Lo comprende muy bien y se ríe con ganas.

Yo prosigo.

—Luego me preguntas a mí, en qué forma quiere el cliente que se le entregue el hachís. ¿En polvo o en barras? ¿Cuántos paquetes? Etcétera. Después de eso, arreglamos la cuestión del precio. Me pides el dinero a mí —le digo— y no a él. Esto es sumamente importante con respecto a lo que luego sucederá.

«Seguidamente anuncias que tratarás de conseguir los veinticinco kilos y que vas a preparar la valija. A las diez de la noche nos encontramos otra vez en la plaza, en la esquina del Gulhane Park. Tú llegas en un taxi con tu valija llena de arena, aserrín o lo que más te guste, con tal de que sea bien pesada. Y nos dirigimos juntos hacia el lugar del negocio, en el mismo taxi.

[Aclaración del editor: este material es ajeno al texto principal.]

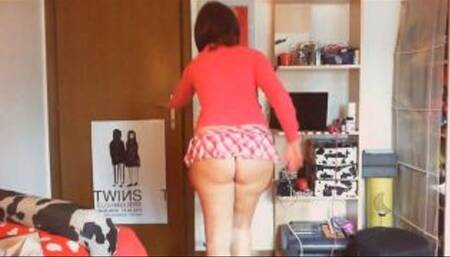 Sexy italian stepmother avi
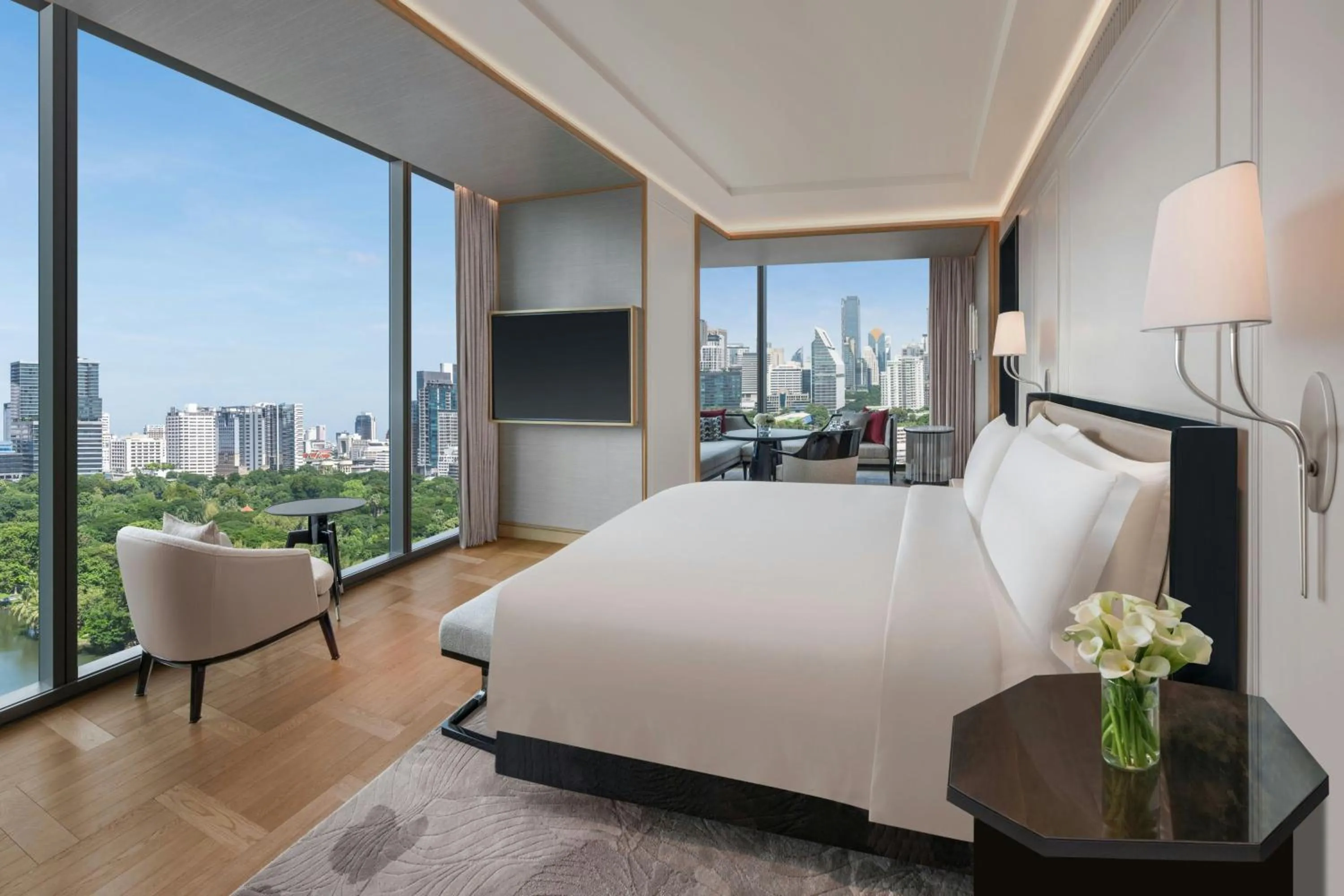 Bedroom, Bed in The Ritz-Carlton, Bangkok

»Luego, en idéntica forma, ponemos a punto el escenario de la entrega del hachís. Debe realizarse en una playa desierta. Tendremos que mostrarnos nerviosos, hacer como que tememos que en cualquier momento aparezca la policía.

Y sobre todo, el detalle fundamental, es imprescindible que te dirijas siempre a mí, jamás a otra persona. Porque yo seré el portador del dinero, el que te pagará tu comisión.

»Dos horas después nos separamos. Ya está todo previsto; el asunto tiene que andar sobre ruedas».

La elección de Neiman me parece acertada. Creo que es precisamente el hombre que necesito.

Al día siguiente, en la mañana del 27 de enero de 1969 (mientras me dirijo al Hilton, me doy cuenta de que ese día cumplo veintinueve años), llamo por teléfono a O’Brian a las once en punto.

Le digo que me espere, que en seguida voy para allí.

Media hora más tarde encuentro a mi canadiense tan excitado y tembloroso como si fuera novio que debe entrevistarse por primera vez con su futuro suegro.

Lo tranquilizo y le explico que debe mantener toda su sangre fría pues el asunto va a ser bastante difícil.

He encontrado al hombre que precisaba. Nos hemos citado para esta tarde a las siete… Todo se decidirá antes de medianoche…

—Bueno, de ahora en adelante —le digo—, debes hacer exactamente todo lo que te digo. Es esencial; el menor paso en falso puede echar todo a perder.

«Para empezar, déjame a mí con el revendedor. Él me conoce. Ya hemos hecho anteriormente varios negocios. Confía en mí. En cambio a ti no te conoce. Desconfía y es lógico. Por lo tanto voy a ser yo el que maneja la operación.

»Como el revendedor quiere entenderse solamente conmigo, te das cuenta de que no tendrá ninguna confianza si no soy yo el que tiene el dinero. ¿Es evidente, verdad?».

O’Brian asiente con la cabeza.

—Por supuesto —dice— ¿y entonces?

—Bueno —le digo— eso quiere decir que debes darme el dinero ahora mismo ya que nadie puede vernos aquí. ¡Oh! No te preocupes, ¡no me escaparé con él! Te quedarás conmigo así podrás vigilarme.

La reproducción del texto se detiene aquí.